Leukocyte telomere length, T cell composition and DNA methylation age

Abstract

Both leukocyte telomere length (LTL) and DNA methylation age are strongly associated with chronological age. One measure of DNA methylation age─ the extrinsic epigenetic age acceleration (EEAA)─ is highly predictive of all-cause mortality. We examined the relation between LTL and EEAA. LTL was measured by Southern blots and leukocyte DNA methylation was determined using Illumina Infinium HumanMethylation450 BeadChip in participants in the Women's Health Initiative (WHI; n=804), the Framingham Heart Study (FHS; n=909) and the Bogalusa Heart study (BHS; n=826). EEAA was computed using 71 DNA methylation sites, further weighted by proportions of naïve CD8⁺ T cells, memory CD8⁺ T cells, and plasmablasts. Shorter LTL was associated with increased EEAA in participants from the WHI (r=-0.16, p=3.1x10^-6). This finding was replicated in the FHS (r=-0.09, p=6.5x10^-3) and the BHS (r=-0.07, p=3.8x 10^-2). LTL was also inversely related to proportions of memory CD8⁺ T cells (p=4.04x10^-16) and positively related to proportions of naive CD8⁺ T cells (p=3.57x10^-14). These findings suggest that for a given age, an individual whose blood contains comparatively more memory CD8⁺ T cells and less naive CD8⁺ T cells would display a relatively shorter LTL and an older DNA methylation age, which jointly explain the striking ability of EEAA to predict mortality.

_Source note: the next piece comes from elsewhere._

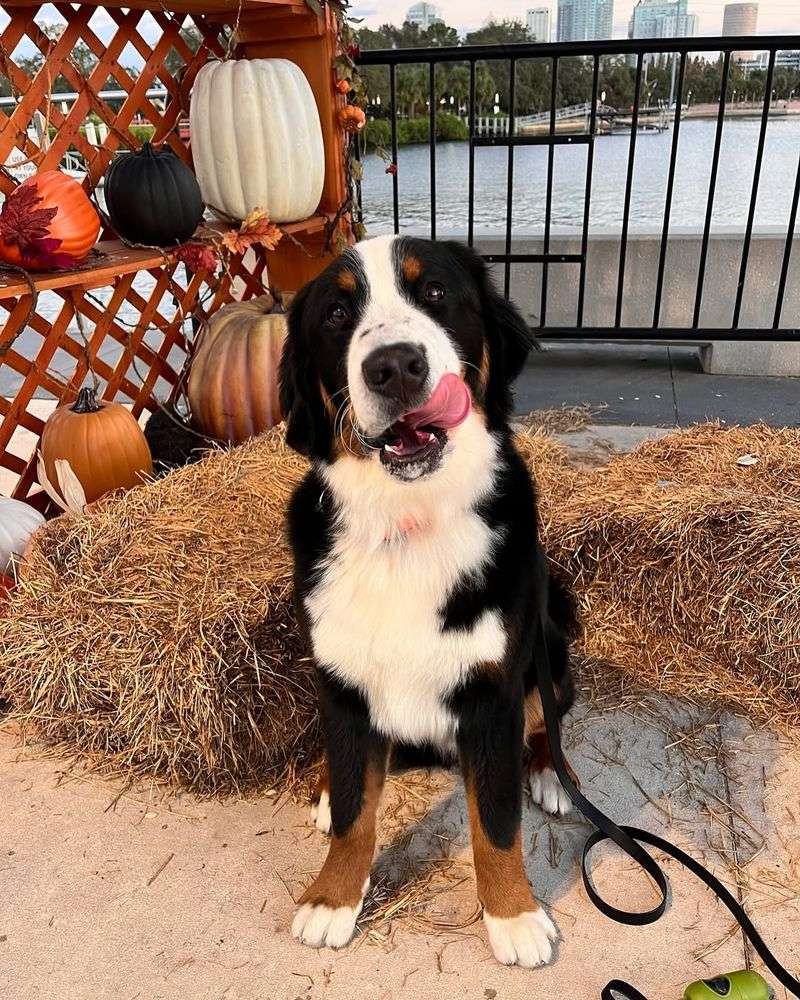 Bernese Mountain Dog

Keywords: DNA methylation; T cells; aging; memory; naïve; telomeres.

Figure 1. Plots of leukocyte telomere length (LTL) against chronological age (upper row) and extrinsic epigenetic age acceleration (EEAA) (second and third rows)

Second row displays unadjusted EEAA. Third row displays EEAA adjusted for BMI, sex, race/ethnicity, and current smoking status. First column displays associations for the Women's Health Initiative (WHI, n=804). Second column displays associations for the Framingham Heart Study (FHS, n=909). Third column displays associations for the Bogalusa Heart Study (BHS, n=826).